RGS : saya berpendapat bahwa ketentuan itu berlaku bagi advokat di muka pengadilan, baik pada saat ia menjadi saksi [ahli] di pengadilan, menjadi kuasa hukum di pengadilan, bahkan juga berlaku pada saat ia menjalankan fungsi advokat di luar pengadilan misalkan dalam rangka memberi opini kepada klien yang merupakan tersangka korupsi.

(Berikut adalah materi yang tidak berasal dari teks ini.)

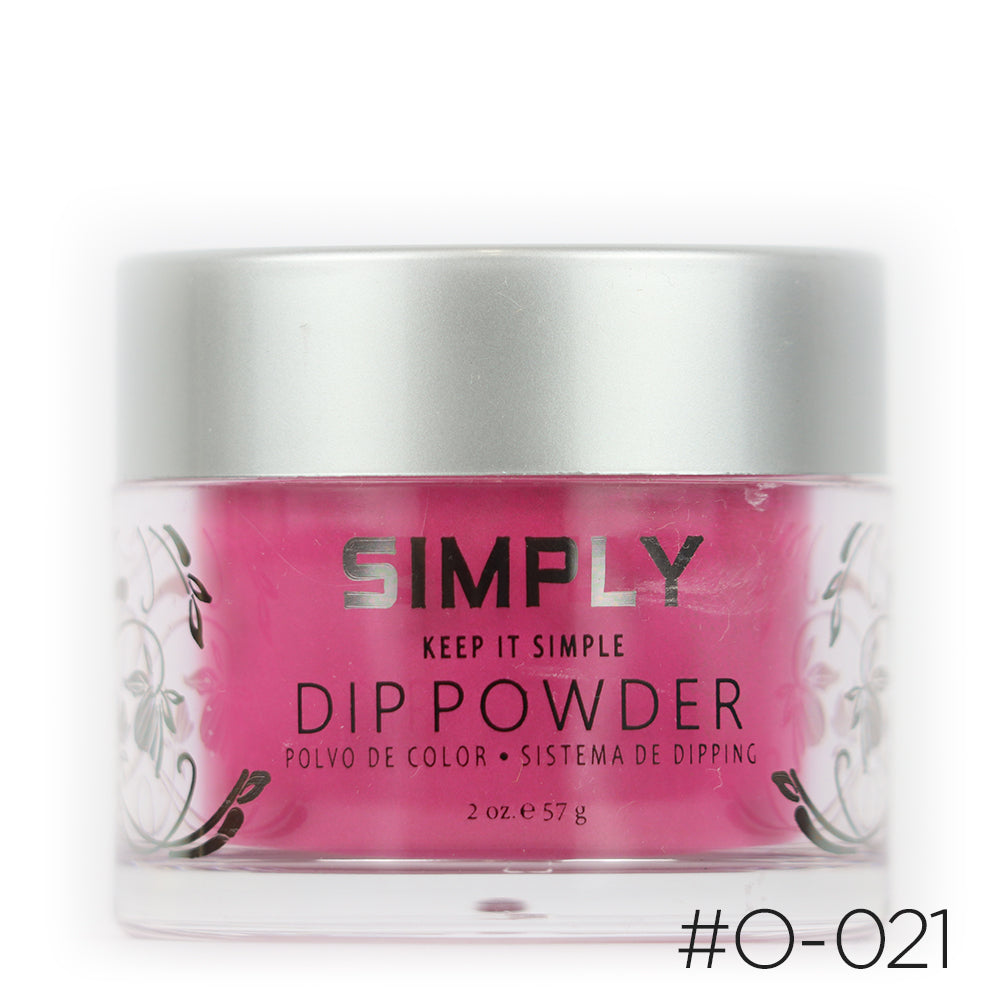 Simply Dip O Series #21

Jadi berlaku pengertian advokat secara umum sesuai UU-Advokat.
Penegasan dalam rangka memberi opini kepada kliennya [misalkan dalam pemberian jasa hukum non-litigasi], advokat memberikan saran & pendapat hukum dengan yang [bertentangan dengan kode etik / dan ketentuan peraturan-perundangan lain khususnya uu-tipikor], namun dengan berbagai kelihaiannya ia mampu membungkus semua tindakan yang melawan hukum tersebut dengan berbagai perangkat hukum yang sah, untuk melarikan, mengalihkan aset atau kekayaannya, agara tidak terciduk sebagai kekayaan [bukti] yang diduga diperoleh dari hasil korupsi. Dalam referensi asing yang pernah saya baca, seorang mafia narkotika profesional harus memiliki pengacara, akuntan, dokter, pendeta [pribadi], mafia ini memandang bahwa dari ke-4 profesi itu yang terpenting adalah advokat.

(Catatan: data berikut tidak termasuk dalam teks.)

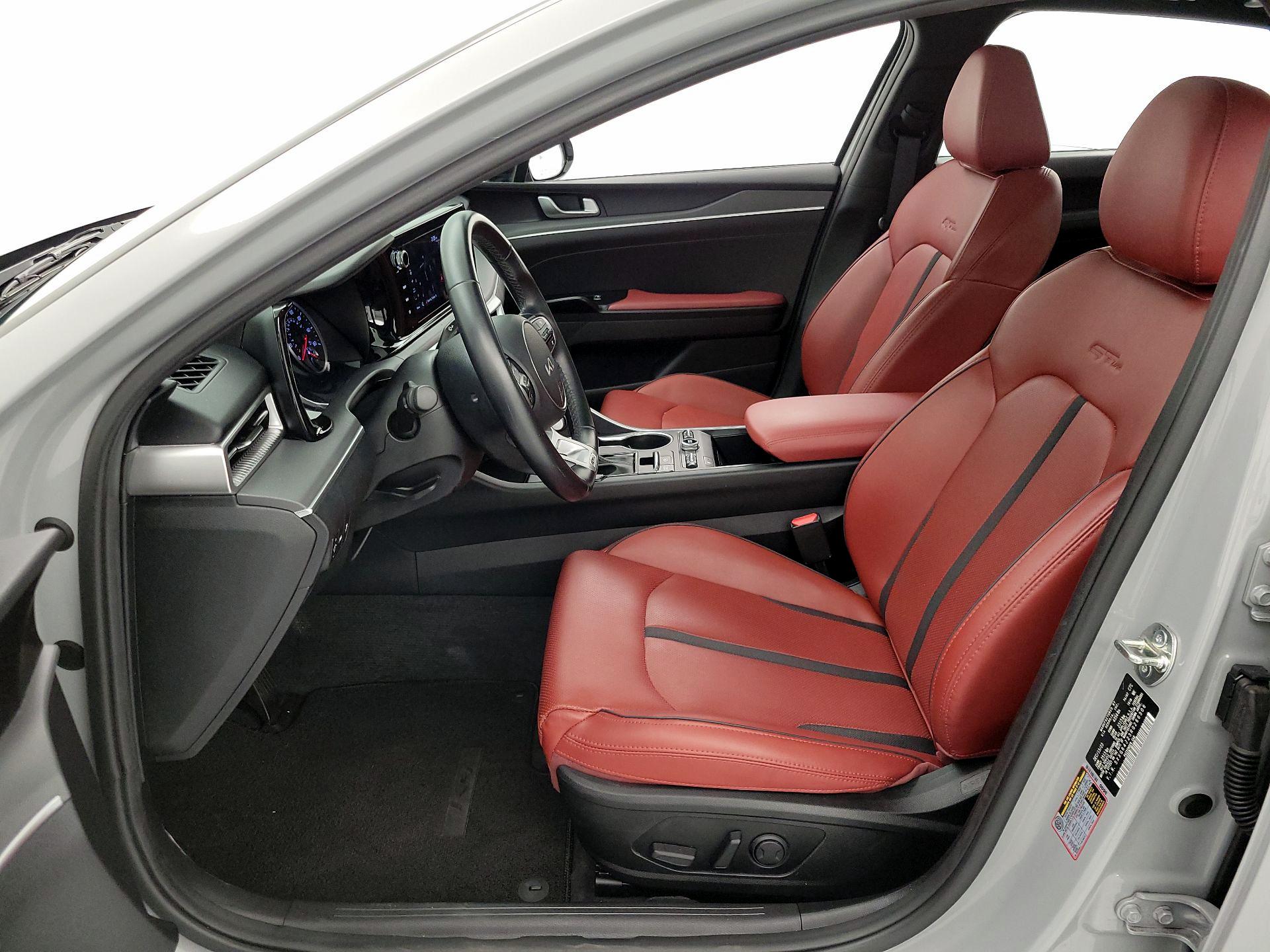 Thumbnail: 2024 Kia K5 - 11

Di Indonesia saya tidak tau, apakah tersangka korupsi sebelum melakukan tindak pidana korupsi, ia berkonsultasi terlebih dahulu kepada pengacaranya, agar tindak pidana korupsi yang akan dilaksanakannya kelak, bisa sukses & terlepas dari jeratan hukum di kemudian hari [disini ia memanfaatkan advokat untuk memprediksi (Ex-Ante) melalui berbagai keahlian dan perangkat hukum yang ada, untuk melakukan kejahatan korupsi, yang akan dilakukan di masa mendatang, kemudian menganalisa kenyataan berdasarkan prediksi/asumsi tersebut, setelah tindakan tersebut dilaksanakan. Kalau fungsi advokat diberikan kepada klien sebelum klien melakukan tindak pidana korupsi, disini akan ada dua hal yang bisa terjadi :
1. korupsi tidak terjadi [karena advokat menyarankan sisi positif dan melarang si klien melakukan tindak pidana korupsi, dan si klien nurut]. [OK]

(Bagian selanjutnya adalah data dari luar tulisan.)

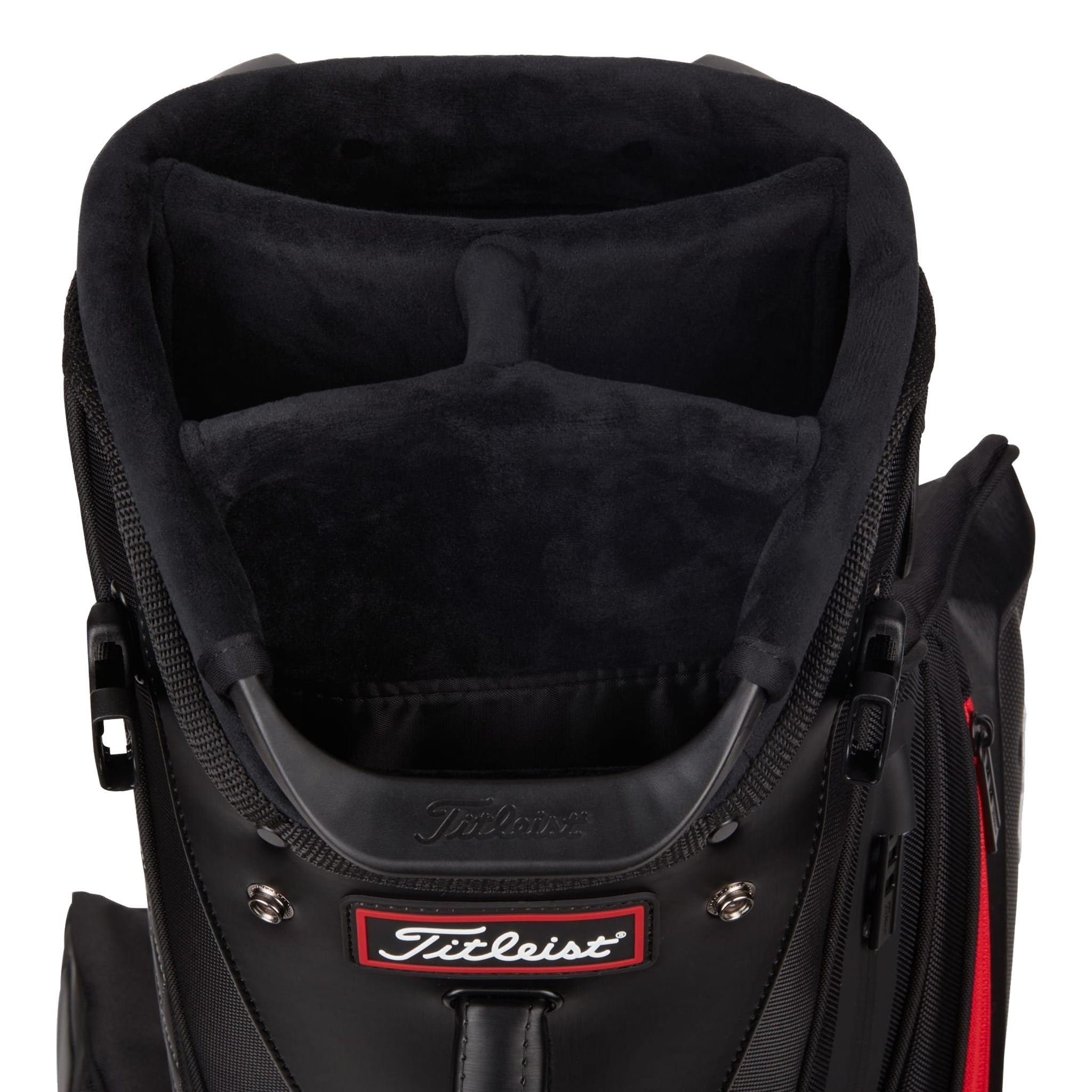 Sac trépied Titleist Jet Black Premium (21)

2. korupsi tetap terjadi. Jika berdasarkan opini hukum yang diberikan [melanggar kode etik dan melawan hukum] secara tepat, jitu dan akurat, maka ketika korupsi itu terjadi dengan sukses dan gemilang, klien tidak akan pernah di-pidana. [ERR] 
3. Apakah advokat akan melakukan pilihan [1] atau [2] itu menyangkut etika dan penghayatan advokat baik secara vertikal dan horisontal. +
Saya berpendapat, jika si-advokat memberikan saran dan pendapat hukum, sebelum tindak pidana korupsi dilakukan, maka ketentuan pasal 12.D UU-Tipikor tidak berlaku.